Lesen Sie aus unserem Plus-Angebot: „Lost Places“ in der Region Stuttgart
Bis heute werde leider nach wie vor auch viel illegal gesprüht, etwa auf Eisenbahnwaggons, sagt der Profi. Den Jugendlichen hat er die Grenzen erklärt, sie dafür sensibilisiert, was geht und was eben nicht. „Man kann natürlich nicht einfach lossprühen, wo es einem gefällt. Das illegale Sprayen ist eine Straftat, der Schadenersatzanspruch gilt 30 Jahre lang. Das muss man sich in dem Zusammenhang auch bewusst machen.“ Um dem entgegenzuwirken sei es umso wichtiger, dass noch mehr geeignete Flächen für die Graffiti-Künstler freigegeben werden.

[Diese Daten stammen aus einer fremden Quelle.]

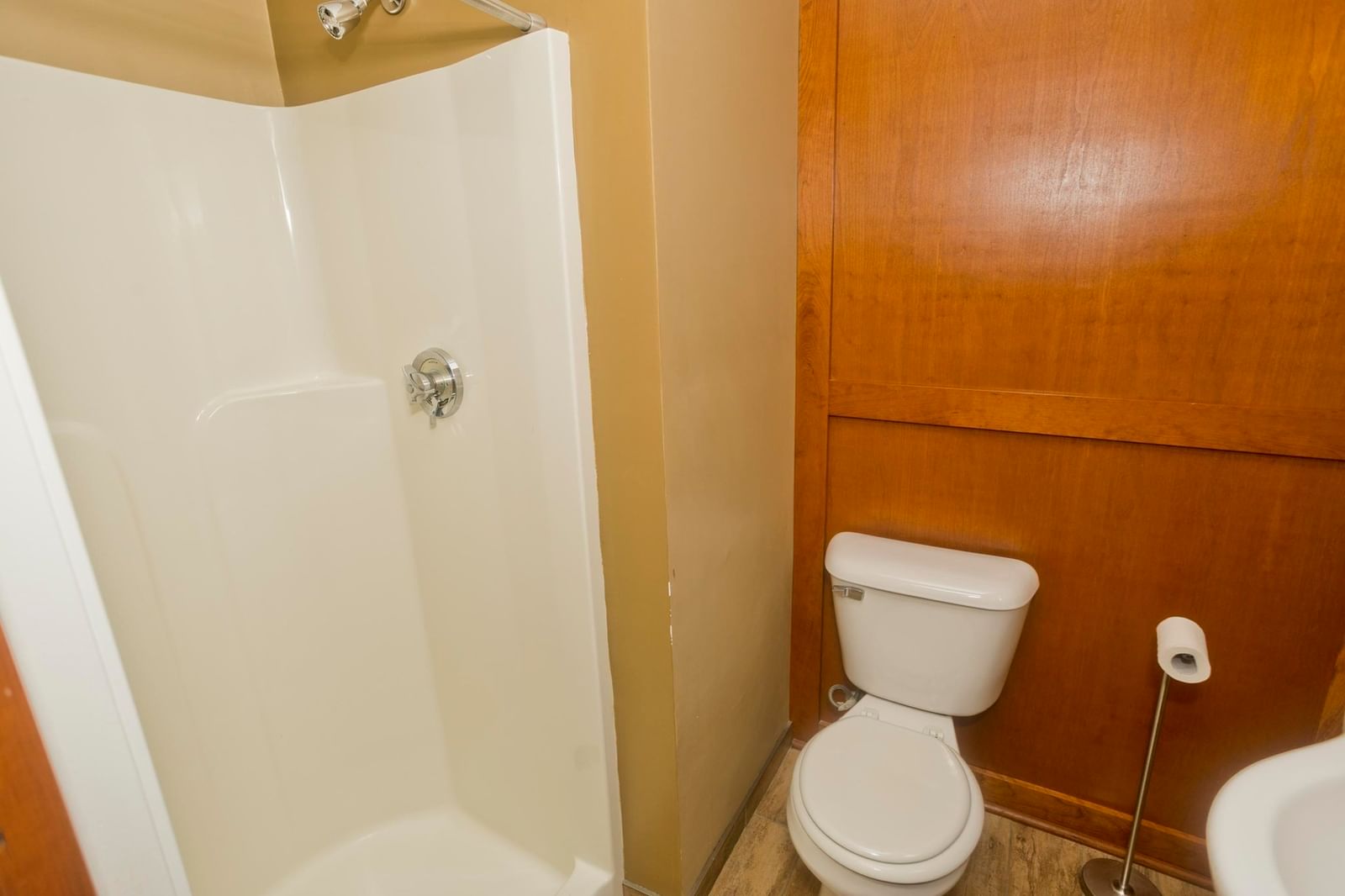 76 Somers Road East Longmeadow — Photo 12 of 41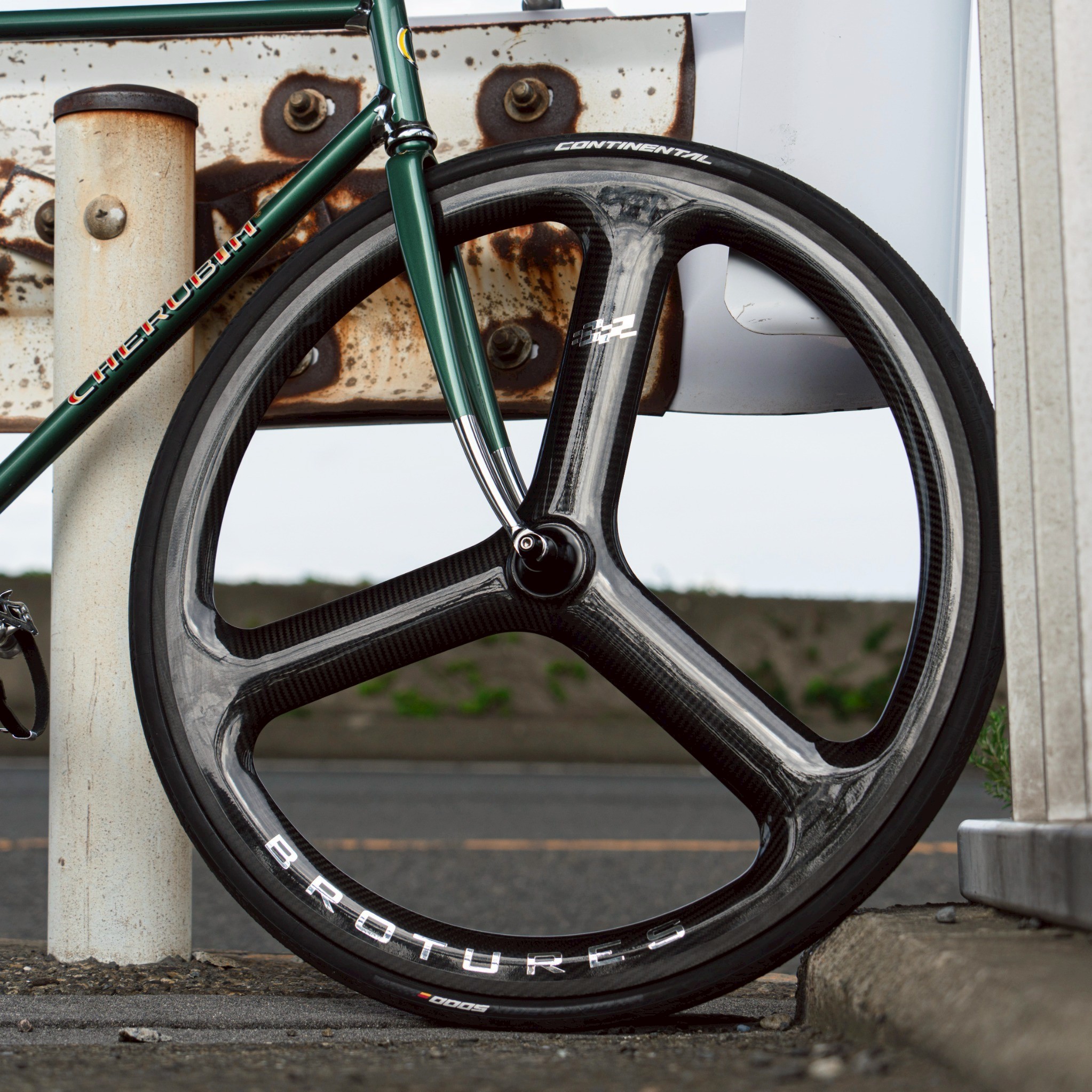 BROTURES OSAKA | LINE Official Account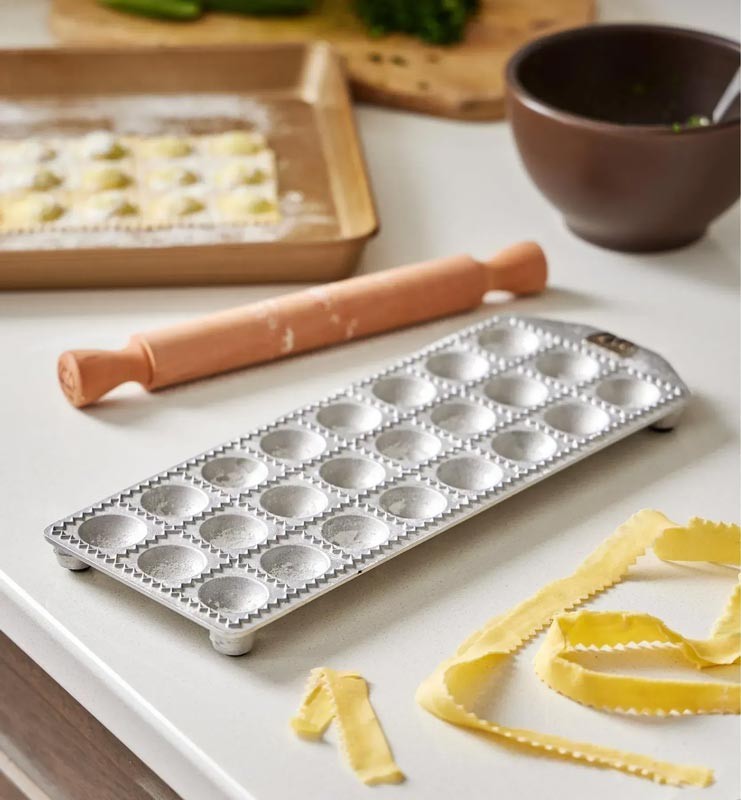 Форма для равиоли Marcato Ravioli Tablet Round 40 мм х 24 шт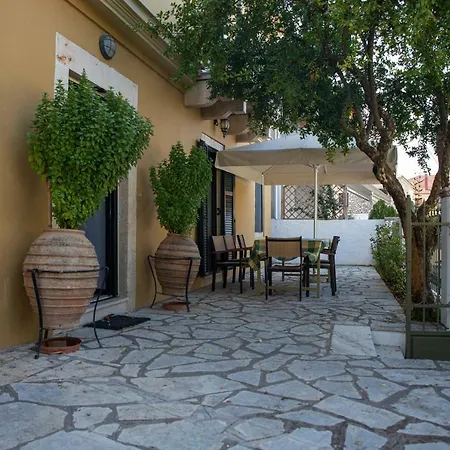 Palairos Historic Property Extérieur photo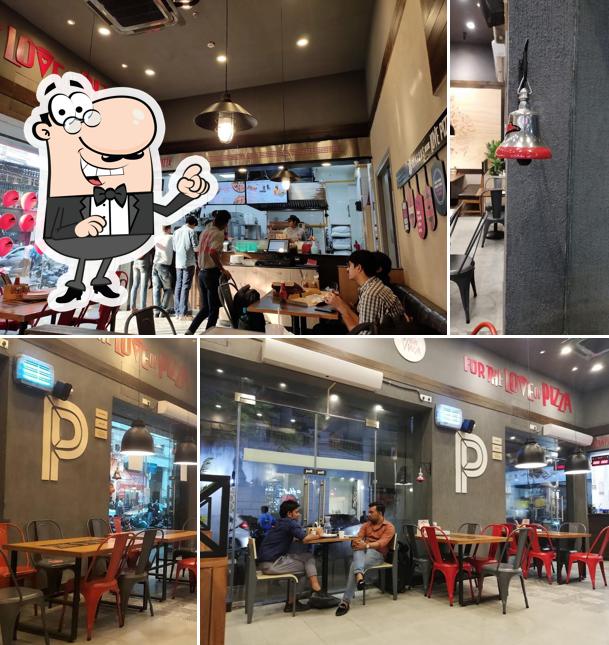 Check out how Pizza Hut Uttarpara, Kolkata looks inside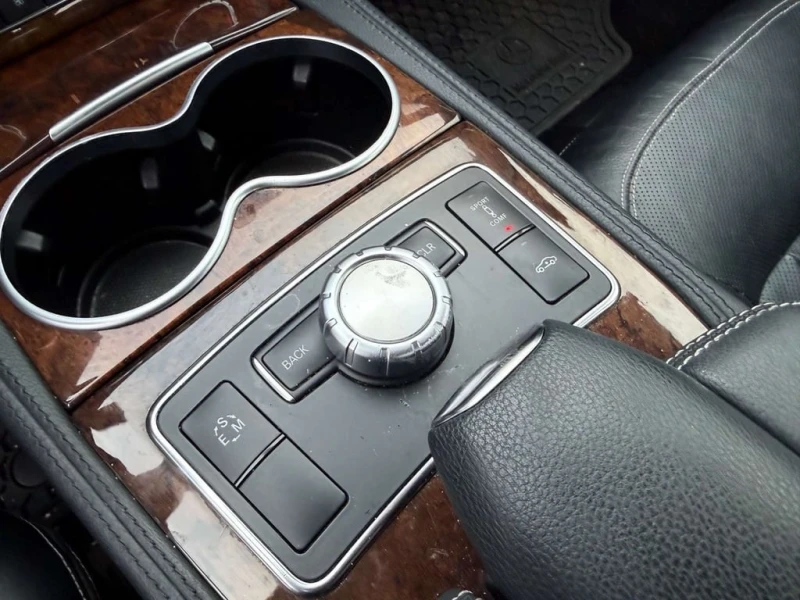 Mercedes-Benz CLS * CLS550 4 MATIC * CARFAX * ЦЕНА ДО БГ, снимка 14 - Автомобили и джипове - 53154971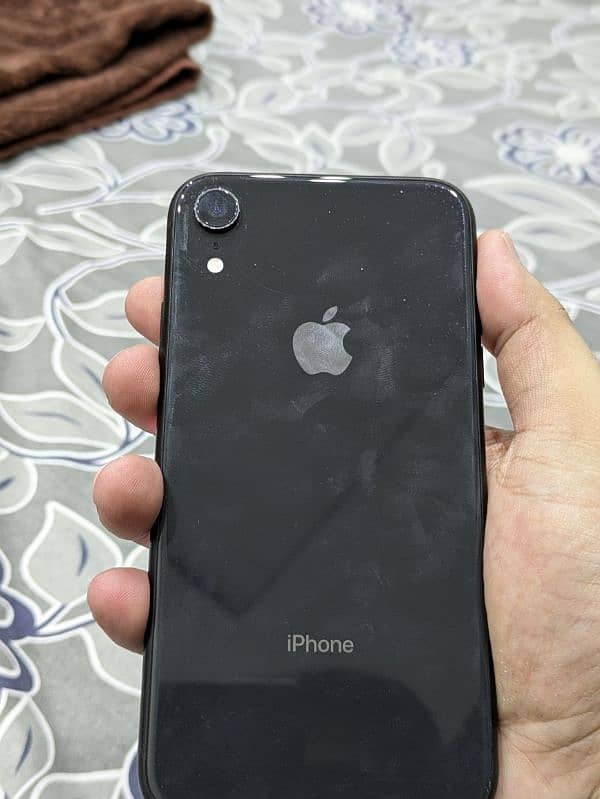 iPhone XR 64 1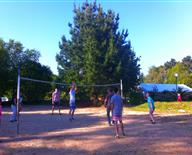 Aire de volley-ball pour les ados et les adultes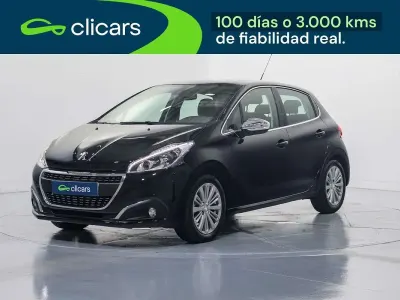 Usado Peugeot 208 Allure 110 CV (80 kW) 2018 Negro Utilitario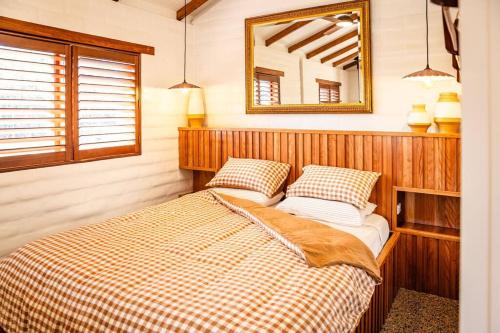 En eller flere senge i et værelse på Three Gums Mudbrick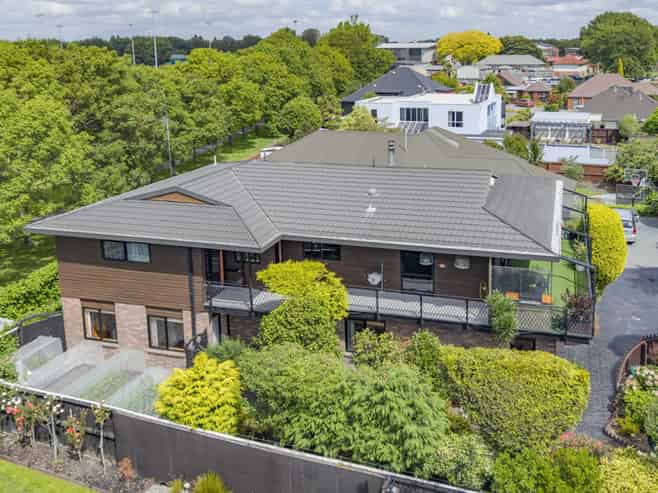 80 Regency Crescent, Redwood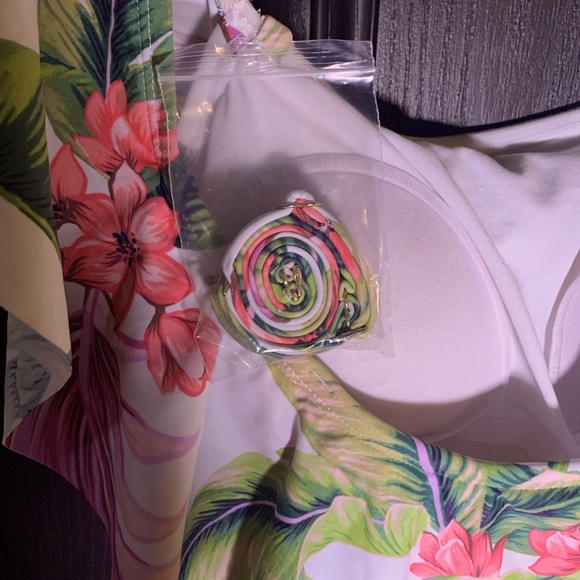 NWOT, Kona Soul, one piece. Womens XL - Picture 3 of 4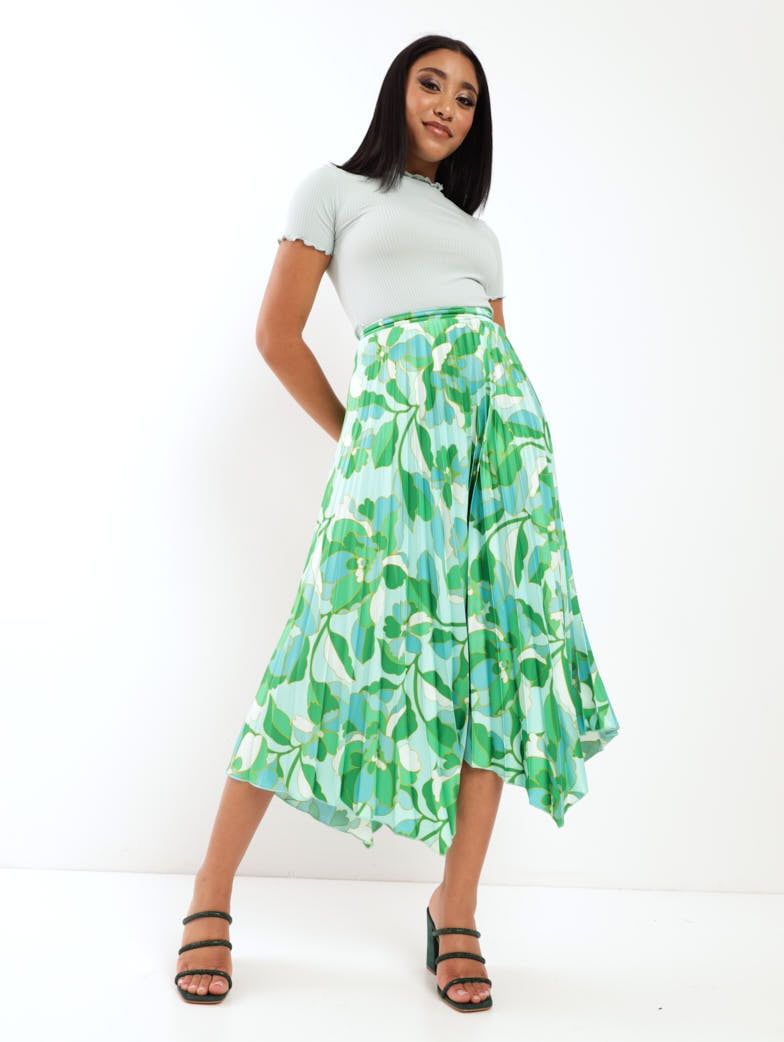 Ladies Asymmetric Printed Pleated Skirt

Jeder Künstler hat sein eigenes Thema
Dem Kunsttherapeuten und technisch-musischen Fachlehrer sind sowohl der therapeutische, als auch der pädagogische Ansatz der Kunst ein Anliegen. „Das fängt mit der Farbenlehre an und führt zum Erlernen von Sozialkompetenz, wenn man sich etwa untereinander einigen muss, wer wo sprayen darf. Dazu kann man experimentieren, sich etwas Neues trauen, kreativ sein und gleichzeitig eine Frustrationstoleranz entwickeln und lernen, nicht gleich aufzugeben, wenn es mal nicht direkt klappt mit dem Motiv.“ Jeder Künstler habe einen individuellen Stil und ein Thema: „Die Kunst ist eine Form des persönlichen Ausdrucks, die Bilder erzählen eine Geschichte“, sagt Pomplun. Auch der Workshop im Skunk ist ein Mix aus individueller Entfaltung und einem guten Miteinander. Das gemeinsame Ziel: Aus der Radwerkstatt ein buntes Kunstwerk machen. Das Meisterstück wird am Ende die Betonsäule am Eingang des Jugendhausgeländes. Pia Unger, Mitarbeiterin im Skunk, streicht diese vorab in einem leuchtenden Blau. „Wir wollen auf jeden Fall ein ‚Achtung Skater’-Motiv aufsprühen, das auf unseren Skaterplatz hinweist. Dazu den Namen des Jugendhauses und die Adresse“, so die Idee.